The “Oh Hello Alzheimer’s” blog is still continuing too, despite what Lisa says is her and Peter’s journey being over. The blog, which had been used to keep the public up-to-date on Peter and Lisa, is “taking on a different flavor” and has become a tool to help those affected by Alzheimer’s.
“I felt it was sort of fizzling out. Peter and my journey is over, and the blog was all about our journey,” Lisa said. “I’ve struggled to come up with things to talk about but whenever I talk about what I’m doing now and how I’m doing now. The outpouring of support is surprising because caregivers are so hungry for hope on the other side. I didn’t realize that was going to happen.”
Lisa hosts monthly virtual Zoom sessions through her blog that offer a space for those affected by Alzheimer’s to voice their stories and share advice for others who may be going through the same experience.
“It was just so shocking how many people were connected through the blog because of that vow renewal and how many people are affected by Alzheimer’s and other related dementias,” Lisa said. “It’s just insane.”
Outside of her writing, Lisa has joined a coalition started by the Department of Health that looks at gaps in supporting families dealing with Alzheimer's and other dementia-related illnesses as well as creating awareness for related topics such as brain health, early detection, caregiving and family support. Lisa is currently a co-chair on the caregiver and family support arm of the project, which is comprised of caregivers, public officials and medical professionals.
On May 13, Lisa will be honored at the Connecticut Chapter of the Alzheimer's Association's Celebrating Hope fundraising gala for her active work in the Alzheimer's community. She will be given the 'Resilience and Hope award.'
“I’m just so humbled. It’s so sweet," Lisa said. “It’s such an honor to be honored. I love that it’s celebrating hope.”

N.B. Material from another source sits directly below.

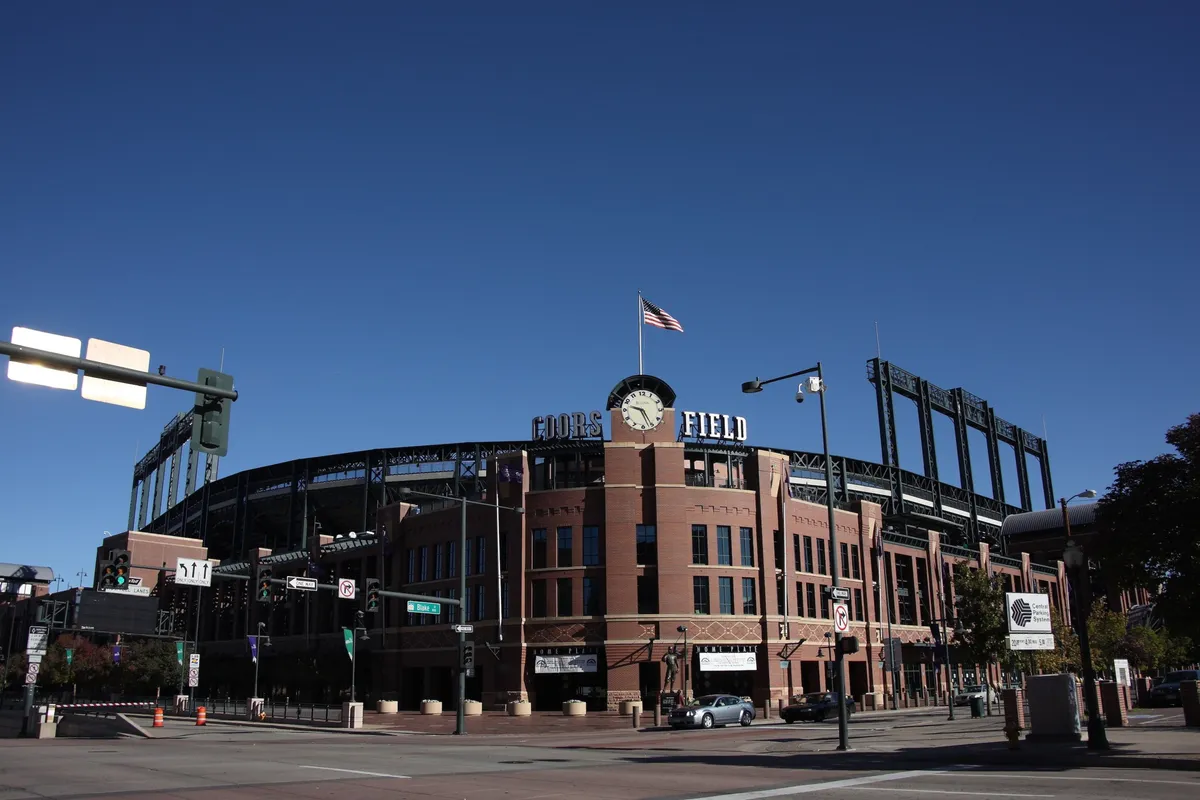 This photo showcases the recognizable Coors Field sign against a backdrop of brick architecture, with the American flag flying and the stadium’s structure visible. The image evokes the community spirit of attending a baseball game, tailgating, or joining local festivities, connecting viewers with the city’s sports culture and neighborhood energy.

“What’s amazing about Lisa is in the midst of grief and healing, she still helps other caregivers who are on the dementia journey. Lisa was the top fundraiser in our state last year for our Alzheimer’s Association Walk to End Alzheimer’s, she still blogs on 'Oh Hello Alzheimer’s' and she is now involved in Advocacy at our chapter," said Ginny Hanbridge, Executive Director of the Alzheimer’s Association's Connecticut Chapter. "For all these reasons and more we are pleased to honor her with the ‘Resilience and Hope' award at our Celebrating Hope benefit."
The Alzheimer's Association offers 24-hour support for people living with dementia, their caregivers and family members. The service can be reached by phone at 800-272-3900.